> **Exercise objective**
Your answer must be the full listing below, repeated exactly, with no pictures in it.

> **Given material**
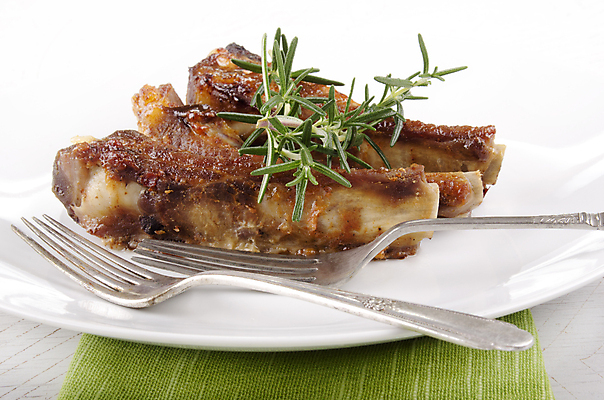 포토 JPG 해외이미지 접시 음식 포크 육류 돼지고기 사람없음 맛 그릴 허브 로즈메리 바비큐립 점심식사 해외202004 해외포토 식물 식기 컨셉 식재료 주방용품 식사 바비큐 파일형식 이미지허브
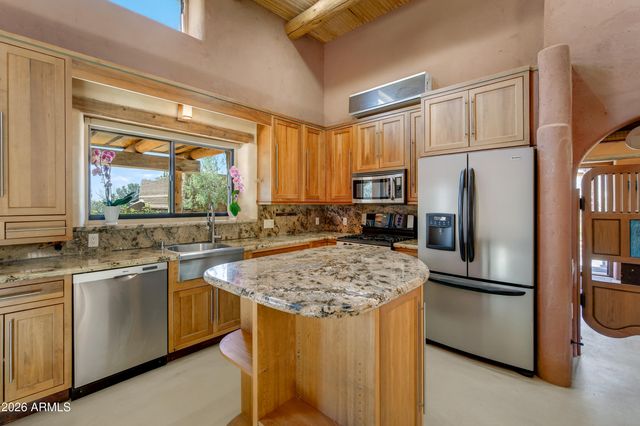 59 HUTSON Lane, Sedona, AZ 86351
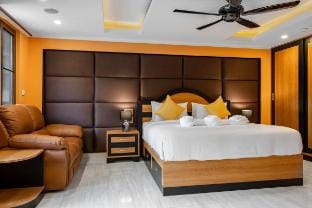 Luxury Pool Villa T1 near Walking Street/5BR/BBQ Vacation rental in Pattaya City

> **Output of the task**
 포토 JPG 해외이미지 접시 음식 포크 육류 돼지고기 사람없음 맛 그릴 허브 로즈메리 바비큐립 점심식사 해외202004 해외포토 식물 식기 컨셉 식재료 주방용품 식사 바비큐 파일형식 이미지허브
 59 HUTSON Lane, Sedona, AZ 86351
 Luxury Pool Villa T1 near Walking Street/5BR/BBQ Vacation rental in Pattaya City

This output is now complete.